Uygun bir kelime mi?
pro·acımasız
sıf. 1. Olumlu koşullar sunmak veya olumlu bir sonucun belirtilerini göstermek; uğurlu: "Büyükanneler, nişan için uygun bir saat belirlemek için almanaklara danıştı" (Jhumpa Lahiri). 2.

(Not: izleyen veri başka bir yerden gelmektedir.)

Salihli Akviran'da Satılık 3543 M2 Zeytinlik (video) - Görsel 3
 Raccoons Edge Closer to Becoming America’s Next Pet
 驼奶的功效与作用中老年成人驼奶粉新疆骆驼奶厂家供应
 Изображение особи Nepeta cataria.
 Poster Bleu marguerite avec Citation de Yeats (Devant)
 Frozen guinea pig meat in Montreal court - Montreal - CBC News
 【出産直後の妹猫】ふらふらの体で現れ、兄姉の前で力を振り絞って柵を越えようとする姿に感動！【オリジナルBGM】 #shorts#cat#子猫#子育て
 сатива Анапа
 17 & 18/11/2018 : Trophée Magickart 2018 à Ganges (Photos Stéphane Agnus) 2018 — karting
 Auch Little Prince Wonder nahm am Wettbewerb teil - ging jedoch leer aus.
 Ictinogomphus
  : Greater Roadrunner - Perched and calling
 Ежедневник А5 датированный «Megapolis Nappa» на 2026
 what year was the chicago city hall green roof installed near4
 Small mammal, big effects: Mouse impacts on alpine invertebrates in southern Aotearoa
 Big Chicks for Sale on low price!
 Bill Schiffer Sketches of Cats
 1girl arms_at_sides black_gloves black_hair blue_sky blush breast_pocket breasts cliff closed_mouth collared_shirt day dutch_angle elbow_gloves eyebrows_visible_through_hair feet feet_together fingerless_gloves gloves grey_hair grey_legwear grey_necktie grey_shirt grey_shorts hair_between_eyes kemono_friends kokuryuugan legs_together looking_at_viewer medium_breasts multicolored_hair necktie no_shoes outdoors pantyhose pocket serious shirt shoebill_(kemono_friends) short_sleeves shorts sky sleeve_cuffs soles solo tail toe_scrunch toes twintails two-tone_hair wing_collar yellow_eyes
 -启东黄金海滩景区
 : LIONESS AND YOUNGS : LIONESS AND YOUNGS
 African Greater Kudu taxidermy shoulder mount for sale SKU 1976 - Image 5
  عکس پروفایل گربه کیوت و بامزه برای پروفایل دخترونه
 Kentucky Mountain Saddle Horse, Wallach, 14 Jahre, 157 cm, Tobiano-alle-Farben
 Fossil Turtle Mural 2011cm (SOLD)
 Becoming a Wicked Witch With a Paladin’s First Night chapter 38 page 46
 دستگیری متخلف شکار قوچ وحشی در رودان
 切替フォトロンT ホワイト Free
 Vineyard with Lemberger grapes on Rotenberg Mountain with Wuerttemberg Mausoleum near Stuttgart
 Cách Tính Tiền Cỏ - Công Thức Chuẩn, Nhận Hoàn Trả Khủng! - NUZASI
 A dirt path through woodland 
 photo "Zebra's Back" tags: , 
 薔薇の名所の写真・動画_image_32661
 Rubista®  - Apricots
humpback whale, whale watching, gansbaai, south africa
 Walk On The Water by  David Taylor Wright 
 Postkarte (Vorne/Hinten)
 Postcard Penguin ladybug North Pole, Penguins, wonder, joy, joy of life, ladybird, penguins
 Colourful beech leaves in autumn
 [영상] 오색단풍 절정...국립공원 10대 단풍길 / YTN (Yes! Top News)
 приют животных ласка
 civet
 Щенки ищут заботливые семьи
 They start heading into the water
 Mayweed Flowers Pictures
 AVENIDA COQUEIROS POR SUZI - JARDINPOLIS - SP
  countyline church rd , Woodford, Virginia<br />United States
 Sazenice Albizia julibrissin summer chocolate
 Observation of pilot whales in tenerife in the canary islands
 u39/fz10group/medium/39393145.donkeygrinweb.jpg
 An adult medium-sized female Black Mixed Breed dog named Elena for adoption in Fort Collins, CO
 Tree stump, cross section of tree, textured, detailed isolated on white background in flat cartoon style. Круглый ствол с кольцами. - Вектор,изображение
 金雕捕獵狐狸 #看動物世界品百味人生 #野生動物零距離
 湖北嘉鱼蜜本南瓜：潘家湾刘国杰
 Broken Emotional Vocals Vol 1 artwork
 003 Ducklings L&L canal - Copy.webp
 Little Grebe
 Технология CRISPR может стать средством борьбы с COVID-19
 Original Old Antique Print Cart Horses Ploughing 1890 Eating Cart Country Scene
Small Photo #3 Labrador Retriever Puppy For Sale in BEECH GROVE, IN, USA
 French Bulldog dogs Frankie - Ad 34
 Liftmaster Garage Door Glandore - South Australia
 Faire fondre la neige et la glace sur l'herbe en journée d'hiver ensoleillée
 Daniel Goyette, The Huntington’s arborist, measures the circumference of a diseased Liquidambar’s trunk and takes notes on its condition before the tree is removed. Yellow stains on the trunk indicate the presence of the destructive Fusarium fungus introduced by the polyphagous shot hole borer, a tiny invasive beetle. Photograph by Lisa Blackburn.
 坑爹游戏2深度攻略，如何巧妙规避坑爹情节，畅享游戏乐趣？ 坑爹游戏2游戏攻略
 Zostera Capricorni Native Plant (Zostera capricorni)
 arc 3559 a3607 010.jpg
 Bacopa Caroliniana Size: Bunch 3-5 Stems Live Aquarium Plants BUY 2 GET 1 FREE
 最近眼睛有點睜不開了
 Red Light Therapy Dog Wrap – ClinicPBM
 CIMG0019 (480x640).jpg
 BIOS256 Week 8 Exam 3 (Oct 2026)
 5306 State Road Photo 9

İyi ile ne demek istiyorsun?
İyilik yaratmak veya kazanmak; hoş: olumlu bir izlenim bırakmak. avantaj, fırsat veya kolaylık sağlamak; avantajlı: elverişli bir konum. (bir cevabın) isteneni vermek. iyi işaret; elverişli: İşaretler yeni bir başlangıç için elverişlidir.
Uygun zaman nedir?
Bir şeyin zamanlaması uygun olduğunda, iyi sonuçlanması muhtemeldir. Büyük bir sınava girmek için uygun bir zaman çok çalıştığın ve iyi bir gece uykusu çektiğin zamandır.
Bir iz ne anlama geliyor?
1a(1): bir şeyin (antik bir şehir veya bir durum veya uygulama gibi) bıraktığı iz, işaret veya görünür işaret kaybolmuş veya kaybolmuş. (2): en küçük miktar veya iz.